-- DATASET RECORDS --
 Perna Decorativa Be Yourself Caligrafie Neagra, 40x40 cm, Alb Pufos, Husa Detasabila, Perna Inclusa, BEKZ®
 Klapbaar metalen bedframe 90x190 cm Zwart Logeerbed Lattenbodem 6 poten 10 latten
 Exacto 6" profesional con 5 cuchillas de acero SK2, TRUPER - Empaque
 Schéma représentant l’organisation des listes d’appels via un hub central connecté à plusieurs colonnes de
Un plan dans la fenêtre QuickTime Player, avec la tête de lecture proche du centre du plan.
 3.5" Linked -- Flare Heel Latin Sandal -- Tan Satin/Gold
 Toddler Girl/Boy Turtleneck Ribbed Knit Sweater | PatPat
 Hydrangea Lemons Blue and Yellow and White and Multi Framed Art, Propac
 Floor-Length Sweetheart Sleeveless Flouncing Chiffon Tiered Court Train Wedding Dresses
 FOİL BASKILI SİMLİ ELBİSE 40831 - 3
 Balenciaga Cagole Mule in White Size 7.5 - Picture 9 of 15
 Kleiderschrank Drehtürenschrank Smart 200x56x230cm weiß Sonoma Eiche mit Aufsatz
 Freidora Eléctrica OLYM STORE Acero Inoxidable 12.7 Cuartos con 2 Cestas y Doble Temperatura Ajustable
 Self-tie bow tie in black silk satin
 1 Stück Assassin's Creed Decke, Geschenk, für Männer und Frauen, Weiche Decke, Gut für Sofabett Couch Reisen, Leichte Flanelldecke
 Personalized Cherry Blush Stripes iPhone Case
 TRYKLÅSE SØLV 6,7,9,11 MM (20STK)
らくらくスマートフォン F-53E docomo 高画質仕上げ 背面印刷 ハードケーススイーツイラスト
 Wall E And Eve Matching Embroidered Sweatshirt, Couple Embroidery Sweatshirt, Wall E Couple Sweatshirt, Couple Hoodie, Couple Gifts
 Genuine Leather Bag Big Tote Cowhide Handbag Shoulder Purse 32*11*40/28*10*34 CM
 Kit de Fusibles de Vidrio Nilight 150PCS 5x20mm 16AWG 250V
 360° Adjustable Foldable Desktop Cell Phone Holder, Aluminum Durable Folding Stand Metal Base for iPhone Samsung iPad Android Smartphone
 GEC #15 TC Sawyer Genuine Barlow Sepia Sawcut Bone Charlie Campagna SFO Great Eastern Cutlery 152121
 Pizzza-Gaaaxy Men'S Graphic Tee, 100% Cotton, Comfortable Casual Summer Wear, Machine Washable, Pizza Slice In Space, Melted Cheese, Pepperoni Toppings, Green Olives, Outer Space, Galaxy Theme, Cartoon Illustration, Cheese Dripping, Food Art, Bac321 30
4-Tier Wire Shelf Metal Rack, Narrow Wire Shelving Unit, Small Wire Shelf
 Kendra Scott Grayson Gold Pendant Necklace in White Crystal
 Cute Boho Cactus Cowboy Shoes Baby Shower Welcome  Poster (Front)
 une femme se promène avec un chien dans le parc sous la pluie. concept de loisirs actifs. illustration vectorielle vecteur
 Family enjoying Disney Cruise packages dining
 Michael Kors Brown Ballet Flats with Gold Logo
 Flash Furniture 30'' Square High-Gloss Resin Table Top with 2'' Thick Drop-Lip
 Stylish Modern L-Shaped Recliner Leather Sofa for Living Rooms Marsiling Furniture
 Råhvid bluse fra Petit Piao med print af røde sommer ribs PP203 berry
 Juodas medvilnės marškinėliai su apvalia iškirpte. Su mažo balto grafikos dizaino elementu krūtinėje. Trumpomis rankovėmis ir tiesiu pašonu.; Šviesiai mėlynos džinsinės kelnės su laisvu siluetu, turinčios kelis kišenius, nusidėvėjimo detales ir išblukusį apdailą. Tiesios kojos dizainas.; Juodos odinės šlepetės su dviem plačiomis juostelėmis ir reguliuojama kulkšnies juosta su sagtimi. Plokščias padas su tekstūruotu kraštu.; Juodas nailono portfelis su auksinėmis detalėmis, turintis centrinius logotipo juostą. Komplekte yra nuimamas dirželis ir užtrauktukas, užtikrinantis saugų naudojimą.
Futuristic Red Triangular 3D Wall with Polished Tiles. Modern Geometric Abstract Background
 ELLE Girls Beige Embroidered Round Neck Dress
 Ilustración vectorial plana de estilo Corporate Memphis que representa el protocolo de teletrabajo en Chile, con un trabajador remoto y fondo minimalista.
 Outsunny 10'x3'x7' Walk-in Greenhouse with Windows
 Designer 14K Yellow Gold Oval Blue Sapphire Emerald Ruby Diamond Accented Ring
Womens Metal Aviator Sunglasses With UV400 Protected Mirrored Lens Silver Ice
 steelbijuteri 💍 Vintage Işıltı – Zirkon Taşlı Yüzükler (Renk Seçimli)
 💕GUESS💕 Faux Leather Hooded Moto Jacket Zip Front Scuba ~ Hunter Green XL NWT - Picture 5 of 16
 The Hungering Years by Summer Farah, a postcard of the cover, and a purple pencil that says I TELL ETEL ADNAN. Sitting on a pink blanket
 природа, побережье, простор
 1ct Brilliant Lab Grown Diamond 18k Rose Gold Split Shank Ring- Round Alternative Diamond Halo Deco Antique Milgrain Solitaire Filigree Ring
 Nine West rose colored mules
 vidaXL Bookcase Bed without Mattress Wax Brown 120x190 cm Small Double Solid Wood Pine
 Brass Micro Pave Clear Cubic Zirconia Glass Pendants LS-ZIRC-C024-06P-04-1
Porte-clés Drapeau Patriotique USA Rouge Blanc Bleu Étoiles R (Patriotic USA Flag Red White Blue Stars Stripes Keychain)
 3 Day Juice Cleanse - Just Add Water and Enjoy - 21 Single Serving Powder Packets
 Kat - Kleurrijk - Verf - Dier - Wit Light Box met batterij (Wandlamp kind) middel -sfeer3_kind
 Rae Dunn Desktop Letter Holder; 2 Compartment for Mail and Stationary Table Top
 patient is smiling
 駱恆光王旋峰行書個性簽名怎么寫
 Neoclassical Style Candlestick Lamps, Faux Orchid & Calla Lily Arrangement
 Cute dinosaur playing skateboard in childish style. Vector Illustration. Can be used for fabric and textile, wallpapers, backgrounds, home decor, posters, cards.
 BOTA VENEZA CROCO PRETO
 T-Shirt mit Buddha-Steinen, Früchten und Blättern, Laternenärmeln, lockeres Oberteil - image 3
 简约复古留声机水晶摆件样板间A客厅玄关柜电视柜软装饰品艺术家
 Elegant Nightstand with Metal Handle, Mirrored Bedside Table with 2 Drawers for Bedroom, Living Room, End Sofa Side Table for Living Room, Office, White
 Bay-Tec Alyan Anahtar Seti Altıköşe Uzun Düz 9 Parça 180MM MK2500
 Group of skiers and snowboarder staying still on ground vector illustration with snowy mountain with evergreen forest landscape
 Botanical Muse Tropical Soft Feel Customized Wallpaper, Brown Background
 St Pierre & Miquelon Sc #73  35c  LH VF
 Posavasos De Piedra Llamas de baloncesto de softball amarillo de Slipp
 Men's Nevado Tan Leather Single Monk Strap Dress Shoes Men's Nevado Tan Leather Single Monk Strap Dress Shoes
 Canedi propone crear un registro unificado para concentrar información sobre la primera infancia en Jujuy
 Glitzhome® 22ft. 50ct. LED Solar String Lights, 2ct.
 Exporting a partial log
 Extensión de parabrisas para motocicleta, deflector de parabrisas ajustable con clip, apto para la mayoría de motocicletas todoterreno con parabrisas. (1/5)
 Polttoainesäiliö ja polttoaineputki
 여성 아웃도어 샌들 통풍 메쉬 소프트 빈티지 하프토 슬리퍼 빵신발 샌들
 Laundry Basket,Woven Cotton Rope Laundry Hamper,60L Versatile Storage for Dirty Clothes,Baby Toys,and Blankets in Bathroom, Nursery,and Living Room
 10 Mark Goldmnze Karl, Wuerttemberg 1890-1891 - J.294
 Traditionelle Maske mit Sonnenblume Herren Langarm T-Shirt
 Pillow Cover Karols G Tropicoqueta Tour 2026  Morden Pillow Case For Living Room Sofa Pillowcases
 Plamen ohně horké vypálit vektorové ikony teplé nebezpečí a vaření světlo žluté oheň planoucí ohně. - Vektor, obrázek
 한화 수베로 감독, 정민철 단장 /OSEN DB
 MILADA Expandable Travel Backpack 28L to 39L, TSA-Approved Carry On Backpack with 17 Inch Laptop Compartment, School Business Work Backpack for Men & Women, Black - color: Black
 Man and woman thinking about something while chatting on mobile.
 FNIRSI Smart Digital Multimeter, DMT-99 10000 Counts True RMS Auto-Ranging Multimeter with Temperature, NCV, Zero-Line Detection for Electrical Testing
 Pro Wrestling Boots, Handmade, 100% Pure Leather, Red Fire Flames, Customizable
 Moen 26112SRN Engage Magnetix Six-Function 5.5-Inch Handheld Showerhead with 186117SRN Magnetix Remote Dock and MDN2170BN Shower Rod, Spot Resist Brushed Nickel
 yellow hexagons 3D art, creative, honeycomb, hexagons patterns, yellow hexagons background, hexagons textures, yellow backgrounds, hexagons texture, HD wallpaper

-- EXERCISE REQUIREMENTS --
Show each line from the material above where the string "Embroidered" can be found.

-- ANSWER AREA --
 Wall E And Eve Matching Embroidered Sweatshirt, Couple Embroidery Sweatshirt, Wall E Couple Sweatshirt, Couple Hoodie, Couple Gifts
 ELLE Girls Beige Embroidered Round Neck Dress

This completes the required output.